Aim of the exercise - Give back all the data exactly, line by line.

[[ Provided data open ]]

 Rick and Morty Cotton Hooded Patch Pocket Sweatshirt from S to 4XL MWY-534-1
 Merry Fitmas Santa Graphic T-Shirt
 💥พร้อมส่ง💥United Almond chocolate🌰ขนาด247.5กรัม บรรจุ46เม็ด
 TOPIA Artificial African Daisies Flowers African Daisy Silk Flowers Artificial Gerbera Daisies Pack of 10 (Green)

[[ Provided data closed ]]

Response for this exercise -
 Rick and Morty Cotton Hooded Patch Pocket Sweatshirt from S to 4XL MWY-534-1
 Merry Fitmas Santa Graphic T-Shirt
 💥พร้อมส่ง💥United Almond chocolate🌰ขนาด247.5กรัม บรรจุ46เม็ด
 TOPIA Artificial African Daisies Flowers African Daisy Silk Flowers Artificial Gerbera Daisies Pack of 10 (Green)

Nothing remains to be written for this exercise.